Early on Aug 1, 2008, climbers were killed in an ice avalanche on the world’s second-largest peak, Pakistan’s K2 (an 8,611-meter or 28,253-foot mountain) after 22 climbers, in 8 different expeditions from around the world, had come together.
It is the deadliest incident at K2 since 1939.
Several people are still missing while two have been rescued (airlifted by helicopter this morning and sent to hospital for severe frostbite treatment), others are presumed on their way down on the China side and one (exhausted and frostbitten) is stranded at 7200m (and expected to be brought down tonight by four high-altitude porters).

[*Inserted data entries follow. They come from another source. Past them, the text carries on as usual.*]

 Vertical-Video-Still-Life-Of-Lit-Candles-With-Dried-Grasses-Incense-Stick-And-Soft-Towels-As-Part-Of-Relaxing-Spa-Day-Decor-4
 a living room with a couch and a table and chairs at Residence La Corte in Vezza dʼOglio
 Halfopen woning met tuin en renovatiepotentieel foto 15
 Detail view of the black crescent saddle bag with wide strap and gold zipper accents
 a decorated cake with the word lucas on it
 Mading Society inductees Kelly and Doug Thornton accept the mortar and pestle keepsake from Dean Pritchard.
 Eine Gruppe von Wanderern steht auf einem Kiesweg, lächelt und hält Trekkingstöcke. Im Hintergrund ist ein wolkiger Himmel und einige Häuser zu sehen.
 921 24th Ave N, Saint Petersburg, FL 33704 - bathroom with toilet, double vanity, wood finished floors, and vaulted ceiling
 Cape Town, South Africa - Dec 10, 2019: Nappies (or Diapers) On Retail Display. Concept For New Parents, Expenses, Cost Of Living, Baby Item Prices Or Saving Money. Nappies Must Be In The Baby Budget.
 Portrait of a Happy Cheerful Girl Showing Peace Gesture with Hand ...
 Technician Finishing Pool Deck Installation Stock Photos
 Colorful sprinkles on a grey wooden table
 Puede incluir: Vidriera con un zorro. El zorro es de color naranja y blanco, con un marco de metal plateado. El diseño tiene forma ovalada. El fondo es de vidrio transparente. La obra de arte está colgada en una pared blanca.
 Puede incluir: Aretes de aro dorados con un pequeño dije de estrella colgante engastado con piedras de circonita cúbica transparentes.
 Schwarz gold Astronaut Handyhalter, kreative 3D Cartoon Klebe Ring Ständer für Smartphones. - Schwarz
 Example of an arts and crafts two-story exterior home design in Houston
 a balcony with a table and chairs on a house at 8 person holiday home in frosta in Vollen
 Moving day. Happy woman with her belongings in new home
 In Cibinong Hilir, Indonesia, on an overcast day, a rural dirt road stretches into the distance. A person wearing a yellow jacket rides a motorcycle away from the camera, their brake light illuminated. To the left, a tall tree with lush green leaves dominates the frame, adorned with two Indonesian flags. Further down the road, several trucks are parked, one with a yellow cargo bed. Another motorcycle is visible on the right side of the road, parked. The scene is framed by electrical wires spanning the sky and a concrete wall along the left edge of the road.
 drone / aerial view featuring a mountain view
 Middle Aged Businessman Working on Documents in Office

Although the exact number of dead is confusing because of conflicting reports, Nazir Sabir, a celebrated Pakistani climber who scaled K2 in 1981 and was the recent Expeditions chief, said there are at least 11 mountaineers feared dead: 1 Norwegian, 1 Irishman, 2 Pakistanis, 1 Frenchman (the missing leader), 1 Serbian, 3 Korean, and 2 Nepalese citizens…one of whom plummeted off a 300-meter cliff.
That makes the number of deaths on the mountain somewhere in the 70’s (perhaps 77).
The climbers were coming down at dawn, in the dark, with little oxygen—a very, very dangerous situation in itself. When a fixed rope collapsed in the avalanche, three of the climbers fell to their deaths. Others climbers fell to their deaths in the mountain’s “bottleneck” area, or “dead zone”. (Two deaths had occurred during the ascent.) One of the rescued survivors said there were too many inexperienced and naïve climbers on the mountain.
Apparently the bodies may never be recovered. (Although the body of the Serbian climber was found near camp three and was buried by fellow climbers.)
For family members, time has stopped and days have little meaning—the anguished are living minute by minute, waiting for news…experiencing leaps of hope and logic as they wait for word on their loved ones who have yet to be removed…waiting for a body that may never be found.
Failure to recover a body or lay a loved one to rest properly can be very stressful for a family—sometimes grieving remains incomplete.
How do you grieve under those circumstances? Well, people need a focus for grief. That’s why memorials, monuments and/or burying a token artifact in a significant place can all help families deal with their memories when they don’t have a body to grieve over. People need a place to go—a place to grieve, a place to put flowers, a place to remember…
And please keep in mind, if you decide to attempt K2 you have maybe a 1 in 4 chance of dying up there—there’s a 27% fatality rate.